Thursday, January 2, 2014

All-Black Towns of Oklahoma

The turn of the twentieth century saw the terror against African Americans reach a kind of peak.  The withdrawal of Federal troops from the former Confederacy may have been finished in 1876, but it did not mean the automatic end of Black suffrage.  Rather it was an ongoing race war.  In September, 1906, for example, or at the very same time as many of the events in Stones from the Creek, the Atlanta newspapers reported four alleged assaults on white men by African Americans.  Thousands of white youths and men attacked the African American community, with the connivance of the police, and thirty to forty Black men were killed.  This race riot was triggered by African American insistence on continuing to vote, which can be seen by the immediate disfranchisement laws passed by the new administration of Governor Hoke Smith after he was elected six weeks later.

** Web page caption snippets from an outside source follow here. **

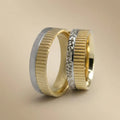 6mm Gold Wedding Band – Ribbed Contrast Textured Detail – 9ct/14ct/18ct Gold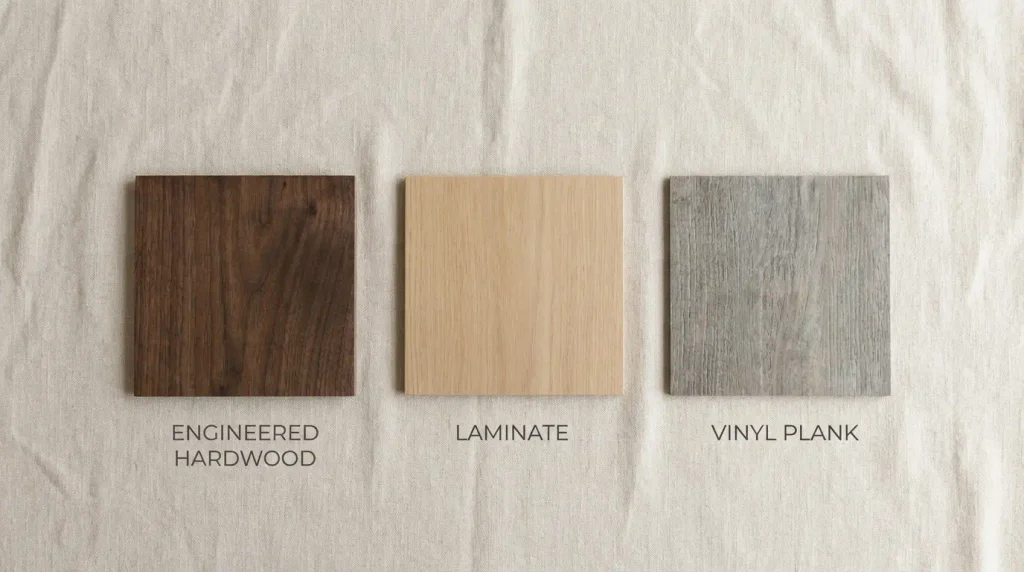Side by side texture comparison of engineered hardwood, laminate, and vinyl plank flooring samples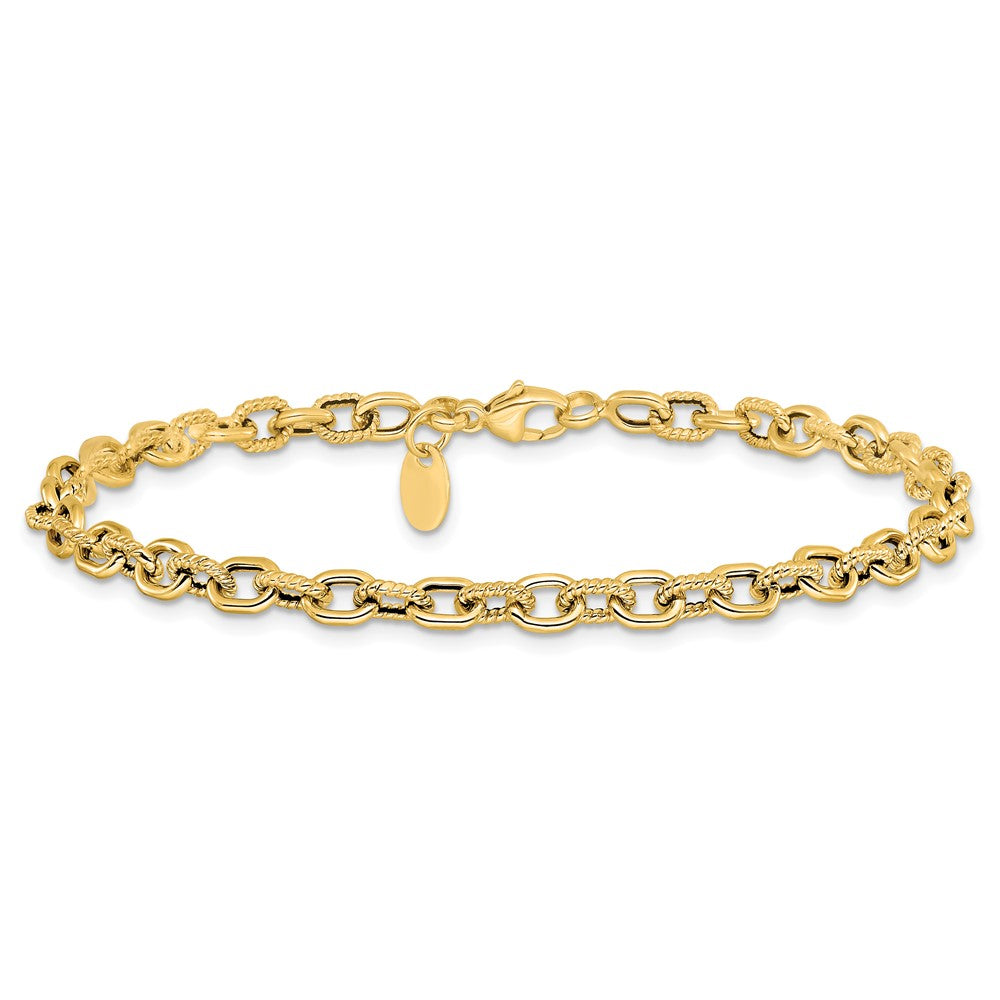 14K Yellow Gold Polished And Textured Link Bracelet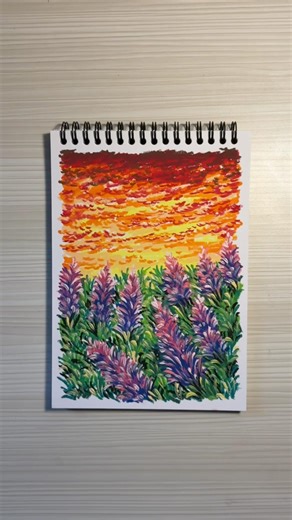 Drawing sunset and flowers use oilpastel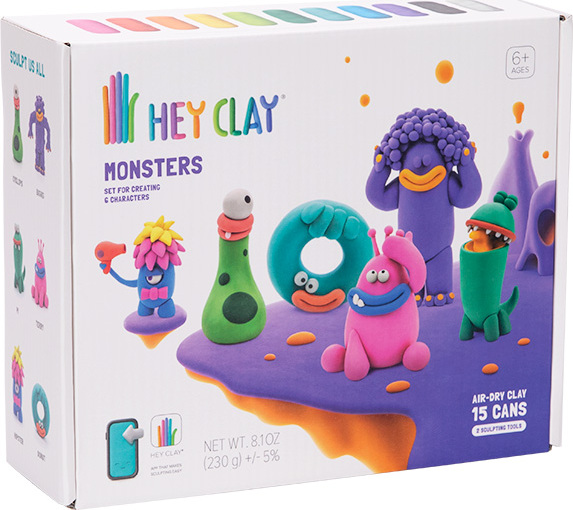 Hey Clay Monsters - 15 Can Modeling Air-Dry Clay - Fat Brain Toys - Dancing  Bear Toys
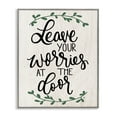 thumbnail image 1 of Stupell Industries Leave Your Worries at the Door Quote Family Greeting Framed Wall Art Design by Fearfully Made Creations, 16" x 20", Gray Framed, 1 of 5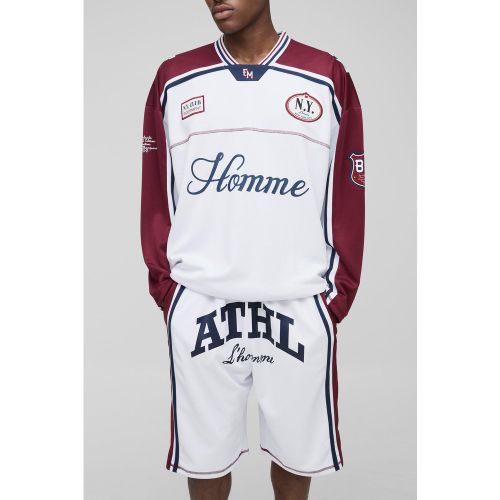 Ensemble oversize de hockey avec t-shirt et short - S - Boohooman - Modalova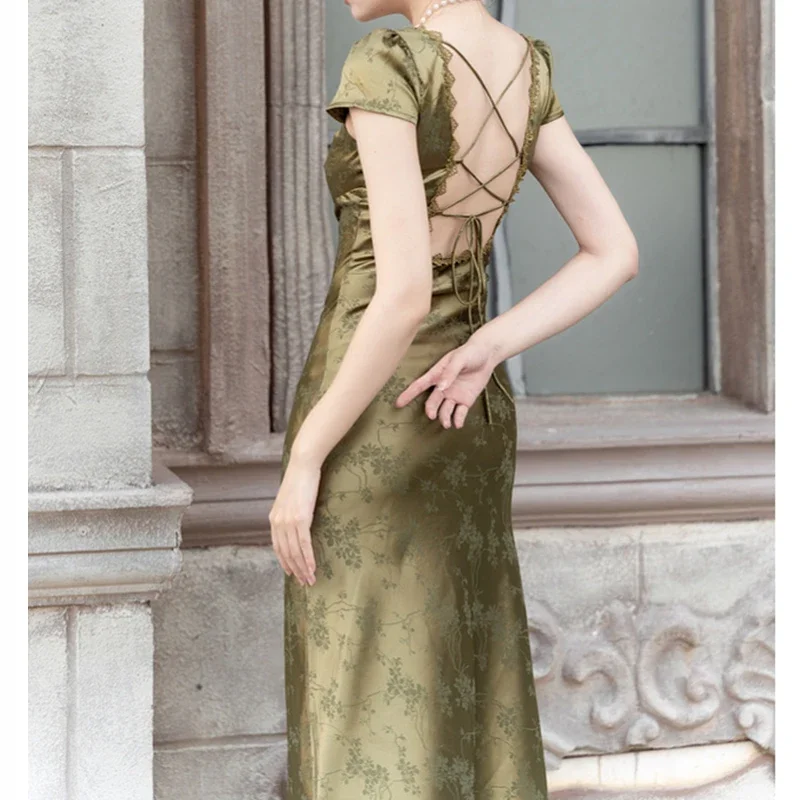 Зеленое атласное сексуальное платье женские летние вечерние платья на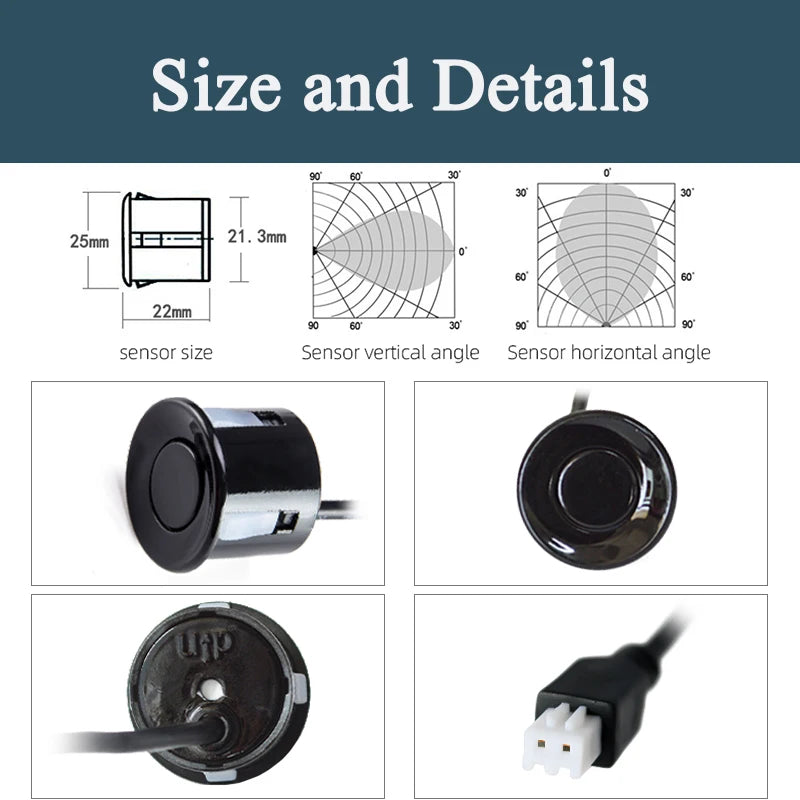 Hippcron 4PCS 22mm Car Parking Sensors Backup Radar System Black Red Blue Gold Grey Silver Champagne Gold White Color Sensor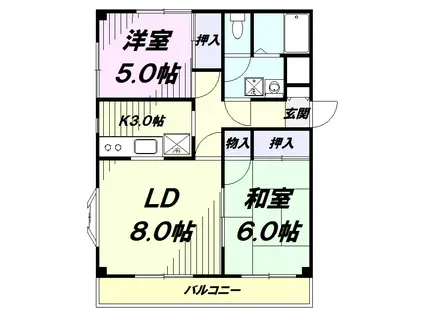 メゾン弥生(2LDK/2階)の間取り写真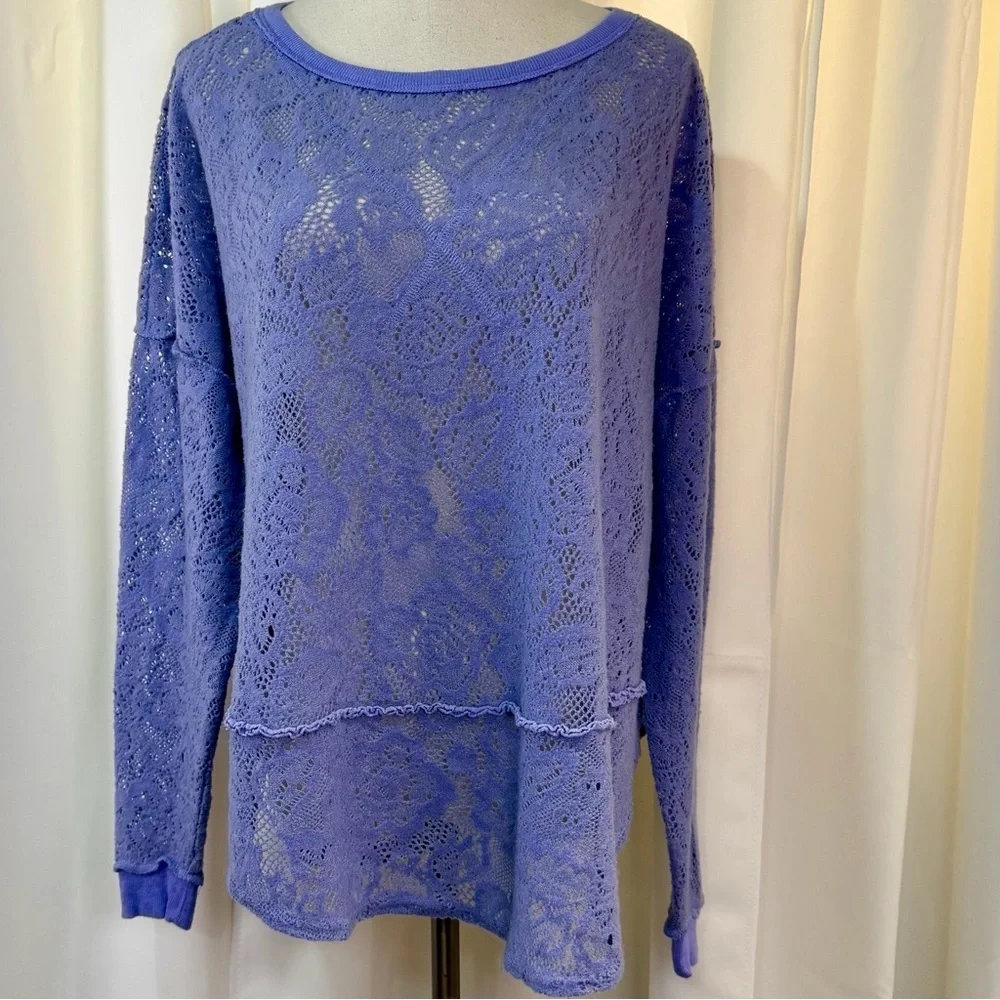Free People ‘Not Cold In This Top’ Lace Long-Sleeve Top in Lavender Purple Small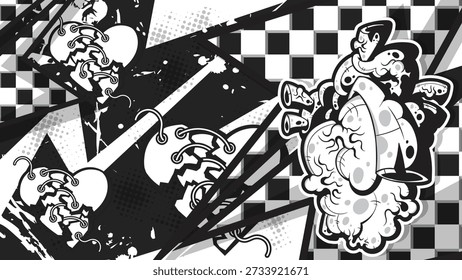 Vector de arte callejero monocromático con corazones rotos cosidos y patrones de tablero de ajedrez. Estilo vanguardista de graffiti urbano con texturas de semitonos y fragmentos geométricos. Ideal para carteles, ropa de calle y diseños modernos de cultura pop.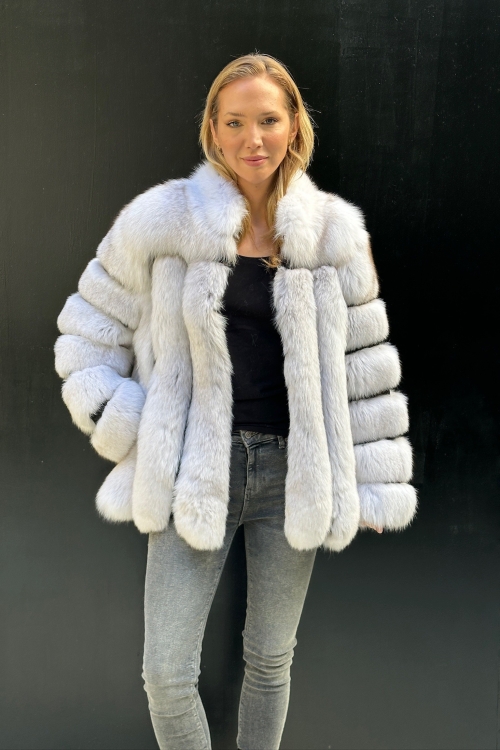 Veste de fourrure naturelle de renard blue Zaira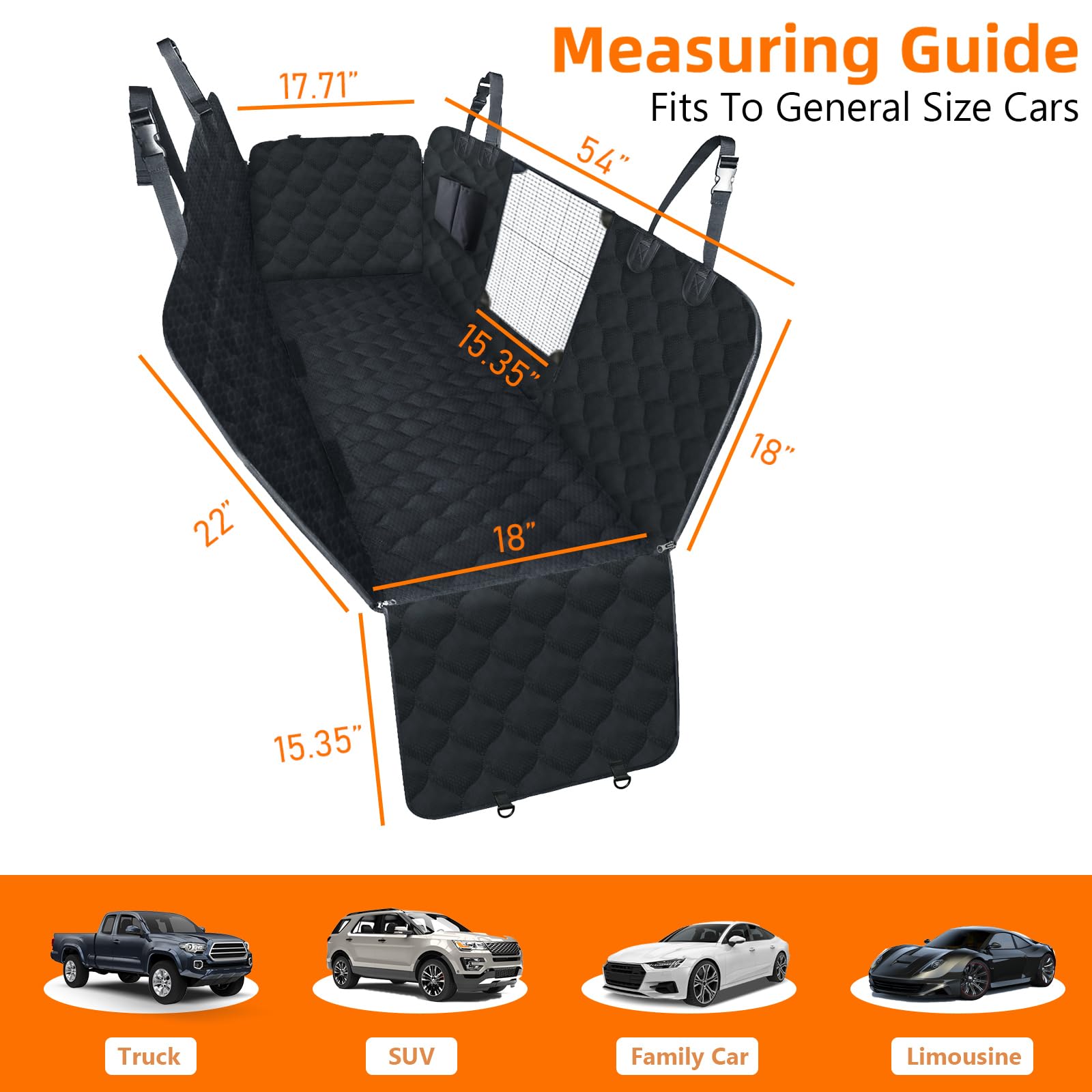 Peticon Dog Car Seat Cover With Mesh Window, 100% Waterproof Pet Seat Cover For Back Seat, Scratchproof Dog Hammock For Cars, Tr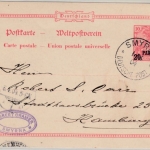 DP Türkei - 20 P. a. 10 Pfg. Germania/Reichspost GA-Karte Smyrna - Hamburg 1904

The same is true of the lynchings elsewhere.  They were no ritual humiliations of an already-subjugated group.  They were acts of war by the ruling whites against the subordinate and -- in many parts of the South -- majority Blacks.  The entire Jim Crow structure had to be created out of thin air.  Never forget that if whites truly did not want Blacks around them they would not have asked them to prepare and serve their food, clean their homes or care for their children.  Can any more intimate relation be imagined?

So the creation of the all-Black towns, many of them in the Indian and Oklahoma Territories was one form of resistance against the terror.  In the all-Black towns there would be no segregation and no disfranchisement.  There would be no firebombing of African American businesses.  The presence of large numbers of African Creeks and Cherokees in the Indian Territory made this land, which would become Oklahoma, look like a promising place for Black towns.  Some of the miccos (chiefs) in the Creek Nation even naturalized African Americans from the States as Creek citizens.

The fate of those towns is a story for a different day.  But when the fictional Ezekiel Payne (protagonist of "In the Midst of the Valley") his daughter Nessa and his Daddy moved to Boley, they were part of a historical
Black middle class that was trying to create a safe haven for their children.